Bootstrap mean estimator:
- Draw a bootstrap sample $X_{b,1:n}^{\ast}\sim\mathcal{P}_n$ and compute $\hat{\theta}_{n,b}^{\ast}$ for $b=1,\ldots,B$.
- Compute the estimator $\hat{\overline{\theta}}_n=\frac{1}{B}\sum\limits_{b=1}^B\hat{\theta}_{n,b}^{\ast}$.
Bootstrap variance estimator:
- Draw a bootstrap sample $X_{b,1:n}^{\ast}\sim\mathcal{P}_n$ and compute $\hat{\theta}_{n,b}^{\ast}$ for $b=1,\ldots,B$.
- Compute the estimator $\hat{s}_n^2=\frac{1}{B}\sum\limits_{b=1}^B(\hat{\theta}_{n,b}^{\ast}- \hat{\overline{\theta}}_n)^2$.
The bootstrap samples can also be used to obtain confidence intervals, which can be used for hypothesis testings. If we know $\sqrt{n}(\hat{\theta}_n-\theta)\xrightarrow{d}G$, then a valid CI is given by $[\hat{\theta}_n-\frac{g_{1-\alpha/2}}{\sqrt{n}}, \hat{\theta}_n+\frac{g_{\alpha/2}}{\sqrt{n}}]$ where $\frac{g_{\alpha/2}}{\sqrt{n}}$ and $\frac{g_{1-\alpha/2}}{\sqrt{n}}$ are the $\alpha/2$ and $1-\alpha/2$ quantiles of $G$. We approximate $G$ by the bootstrap quantile estimate $\hat{G}(t)=\frac{1}{B}\sum\limits_{b=1}^B\mathbf{1}\{\sqrt{n}(\hat{\theta}_n-\theta)\leq t\}$. Then the bootstrap CI is given by $[\hat{\theta}_n-\frac{\hat{g}_{1-\alpha/2}}{\sqrt{n}}, \hat{\theta}_n+\frac{\hat{g}_{\alpha/2}}{\sqrt{n}}]$
The validity of bootstrap is justifyied by the Bootstrap Theorem under some conditions. But the bootstrap estimator may fail in some cases. For exmaple, the bootstrap estimator and CI for MLE of Uniform$(0,\theta)$ would be biased.
Bayesian Inference
A comparison of Bayesian and frequentist inference from Larry:
| $\ $ | Bayesian | Frequentist |
|---|---|---|
| Probability | subjective degree of belief | limiting frequency |
| Goal | analyze beliefs | create procedures with frequency guarantees |
| $\theta$ | random variable | fixed |
| $X$ | random variable | random variable |
| Use Bayes' theorem? | Yes. To update beliefs. | Yes, if it leads to procedure with good frequentist behavior. Otherwise no. |
A $1-\alpha$ credible set $C$, a Bayesian analogue of a confidence set, is a fixed set such that $\mathbb{P}_{\theta\mid X_{1:n}}(\theta\in C)\geq 1-\alpha$. One can have different viewpoints on the credible sets, either logical Bayesian approach or frequency property such as the consistency/convergence rate and coverage.

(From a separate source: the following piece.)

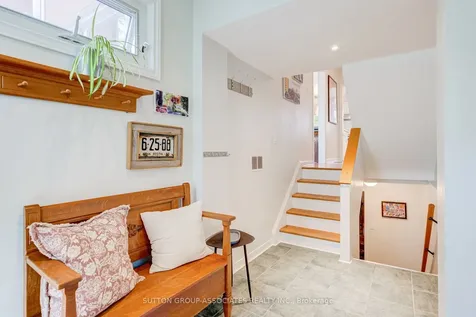 32A Vermont Avenue Toronto ON M6G 1X7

(Bernstein-von Mises Theorem) When $d$ is fixed, under the assumption that the prior is continuous and (strictly) positive in a neighborhood around the true parameter $\theta^*$, the posterior is close to a Gaussian distribution as $n\rightarrow\infty$ in terms of total variation distance $$\|\pi(\theta\mid X_{1:n}) - \mathcal{N}(\hat{\theta},[n\mathcal{I}_1(\hat{\theta})]^{-1})\|_{TV}\rightarrow 0$$ where $\hat{\theta}$ is the MLE.